Speech Controlled Home Automation – Part 1 (Raspberry Pi/Windows IoT/C#)

“You know, however, with the Xbox One, I can control my entire entertainment system using voice commands. Up until now, I’ve had to use Leonard.” – Sheldon Cooper.

That quote is actually of particular relevance to me – given a lot of the impetus to create my home automation system was so that when my wife asked me to turn on the air conditioner, I could have the home automation system do it instead.

I was quite pleased when I found out that I could use Windows 10 on the Raspberry Pi. In the past, I’d been using ArchLinux on my Raspberry Pi devices, with a Jabra Speak 510 UC Speakerphone. I was then, through the use of a mono C# daemon, listening to any audio coming in the microphone, converting it to a stream and then sending it to a C# windows service.

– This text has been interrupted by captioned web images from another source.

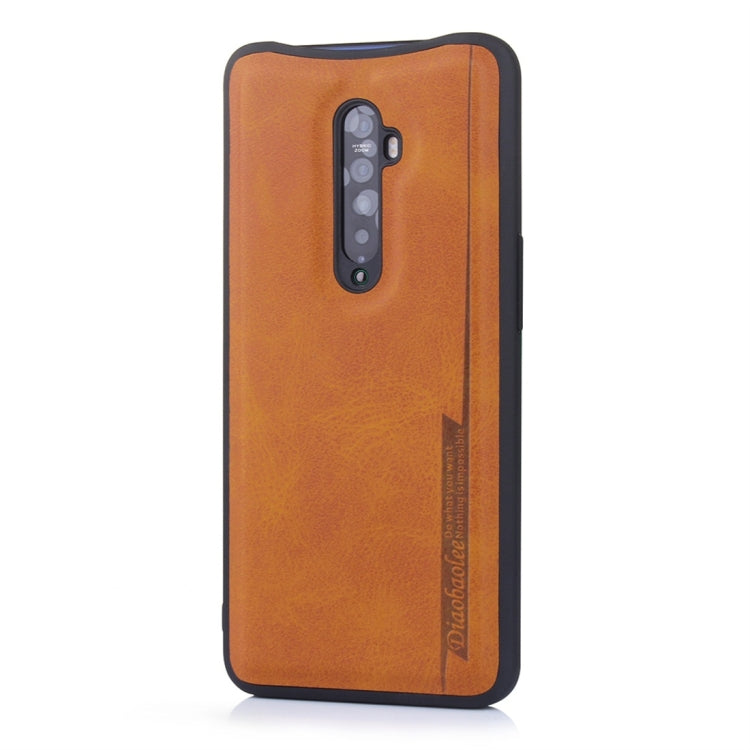 For OPPO Reno2 Diaobaolee Shockproof PU + TPU Protective Case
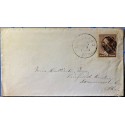 Brodhead Wisconsin cancel on cover with Waterville Maine back cancel 1886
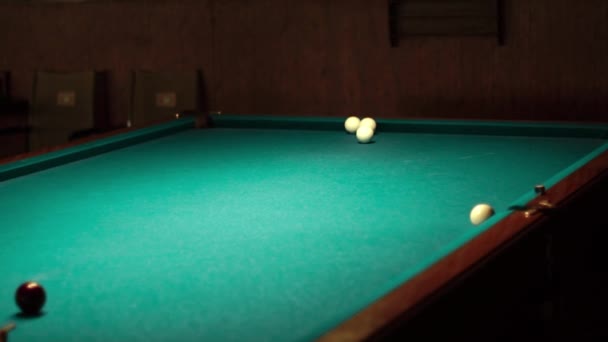Moments Game Billiards — Stock Video
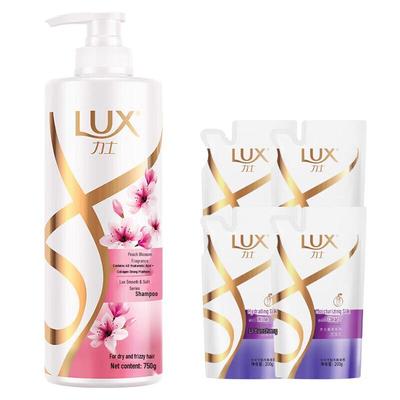 Lux Peach Blossom Nourishing & Softening Shampoo Set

That C# windows service would then take that data, and feed it into the Microsoft Speech Platform. Assuming the audio matched the speech patterns I was looking for, my application would then perform the appropriate task, synthesize a voice response, and stream the audio data back to the Raspberry Pi who would then promptly play it back out the speakerphone. Thus I had a speech controlled home automation system.

Speech Overview

This worked – and it worked reasonably well. Unfortunately though, due to the age of the Microsoft speech runtime (2011), I was having some voice quality issues that were difficult to fix quickly. Quickly in the sense of the time you would reasonably wait for a response after speaking.

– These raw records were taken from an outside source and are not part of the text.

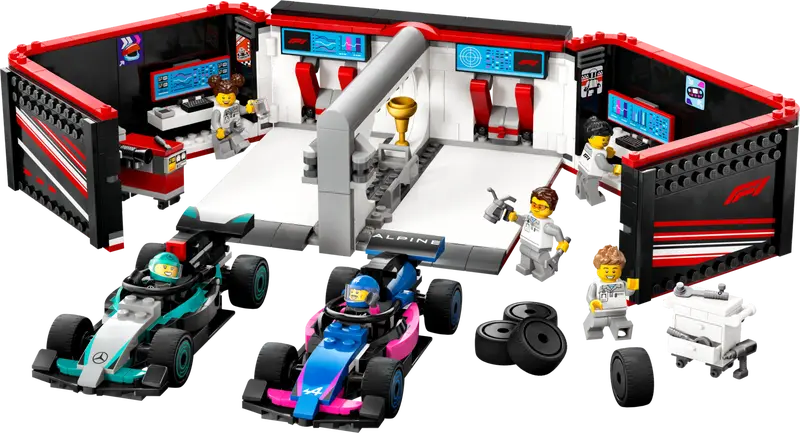 F1 Garage & Mercedes Set - Lego - The Toy Store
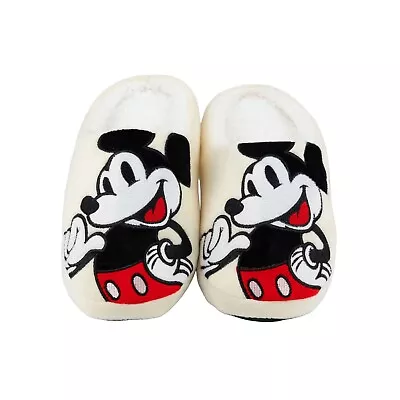 Buy Disney Womens/Ladies Mickey Mouse Slippers NS7217 • 13.63£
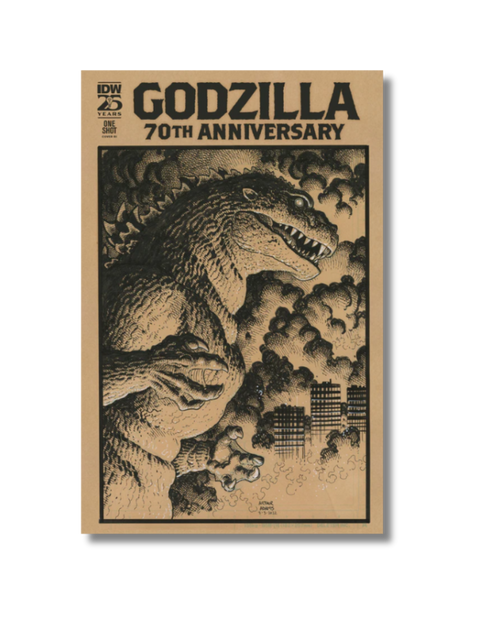 Godzilla: 70th Anniversary #1 (Art Adams) Ratio 1:50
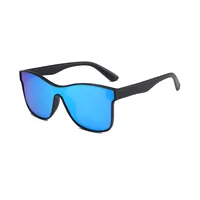 New   Outdoor Sports Riding Sunglasses Men And Women's Fashion Personalized Conjoined Polarized Sunglasses main image 3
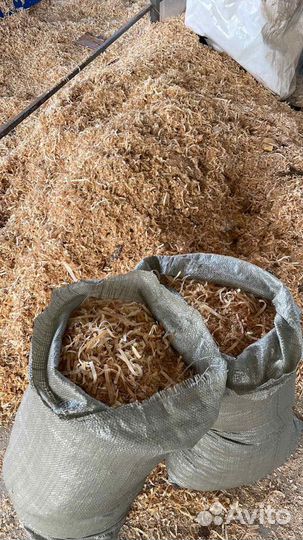 Опил березовый сухой в мешках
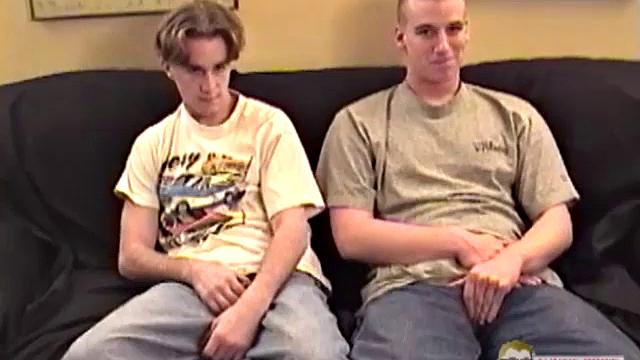 When these two twinks get naked Mike is already hard. After jacking each other off for a while, Mike can't resist sucking on Jason's 9 inches.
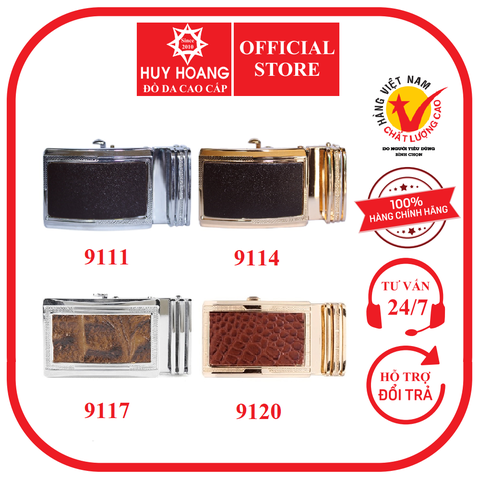 Đầu khóa da bò 3,5P nhiều loại màu nâu HD9111-14-17-20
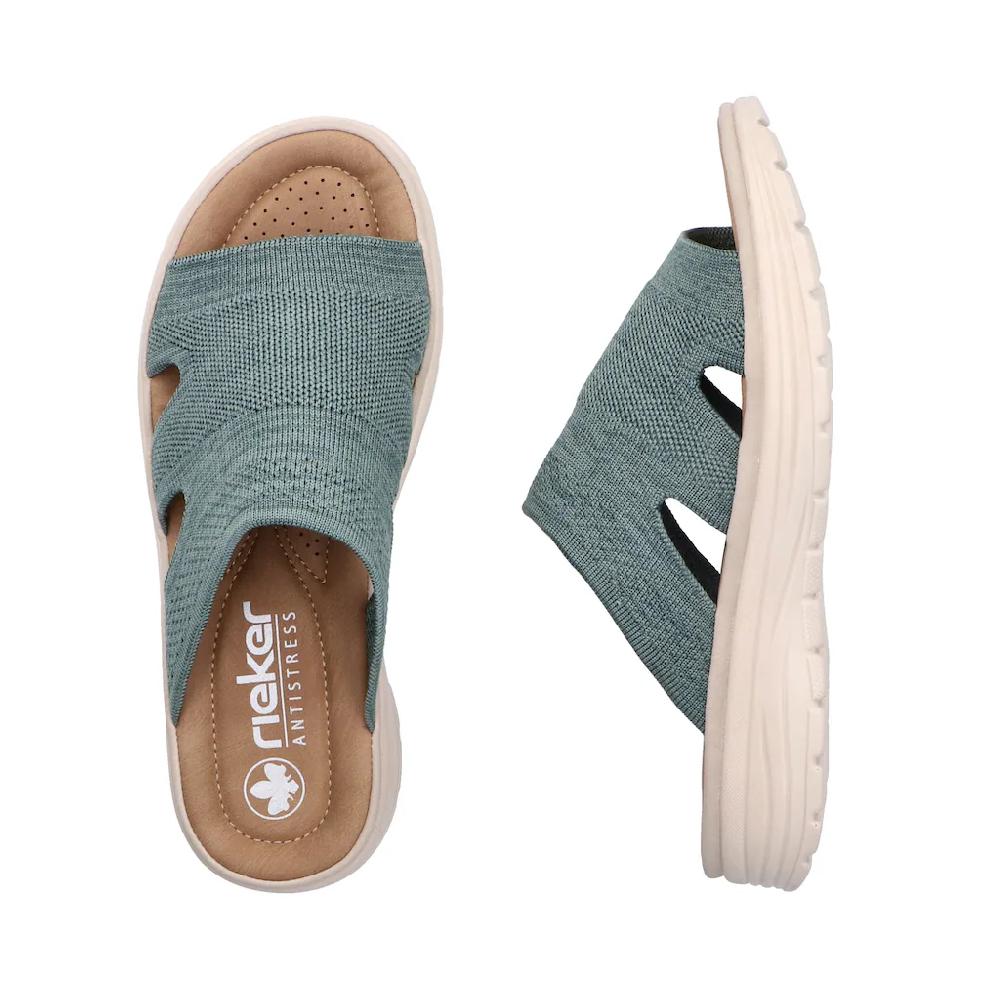 Rieker Pantolette Sommerschuh Hausschuh Schlappen Strandschuh Mit Fußbett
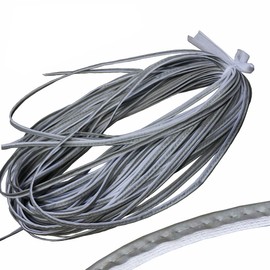 Silver Reflective Piping Fabric Strip Edging Braid Trim Sew On for Clohing 20meters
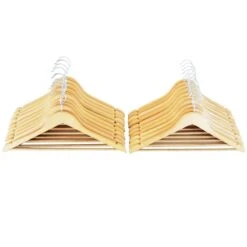20-Piece Suit Hanger, Natural Wooden -Household Items Shop 20 piece suit hanger natural wooden 2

What did I try? Well – once the Microsoft Speech Runtime generated a speech match result, I’d capture the relevant piece of audio as a wave file. I could then amplify it, feed it back through the same speech engine – and if the two results matched then I’d take action. However, the system still got confused at times when it picked up conversation coming from the television.

As such, when I learned that there would be a Windows 10 version – this meant that I could try the new Windows 10 speech platform directly. This series of articles is about the Windows 10 IoT speech sensor application and the backend control service. The goal now is for all speech processing to be performed locally on the Raspberry Pi, with only the text based command being sent over the network via an API call to the backend control service – much more efficient than constantly streaming all microphone data over the network for processing. The backend control service then interfaces with the rest of the home automation system through a message bus – but more on the overall system later.

Speech Overview Updated

In a previous post, I walked through the basics of creating a Background Task application to run on the Windows 10 IoT Core operating system – on a Raspberry Pi 3. In this post, I’ll go through the basics of using the speech recognition and speech synthesis capabilities of the Windows 10 Universal Windows Platform. Essentially, we need to initialise the speech recognition engine, tell it which phrases it needs to listen for, and then process the results. All of this is done using the system default microphone and speaker devices.

There is one significant caveat however. With the initial build of Windows 10 IoT, I was able to use my Jabra Speak 410 USB Conference speakerphone. I’d been using this device back when I was running Linux for the speech capture system. It’s a good device – USB, no external power needed, and designed for listening to a room (being a speakerphone). However, the initial build of the IoT OS was unable to use that to generate audio. Great – I can listen, but I can’t talk – not overly handy for a device that you want to talk to.

I waited until the next build of Windows 10 IoT. The good news is – it fixed the audio generation issue – I could now generate and play audio through the speakerphone. The bad news is that I could no longer perform speech recognition. It seems the newer IoT builds have become a little more precious, er, specific regarding which microphone devices they are happy to use. The build still recognised my speakerphone as the system default microphone device, but the speech recognition engine would simply fail – it would immediately stop listening once I called the start function.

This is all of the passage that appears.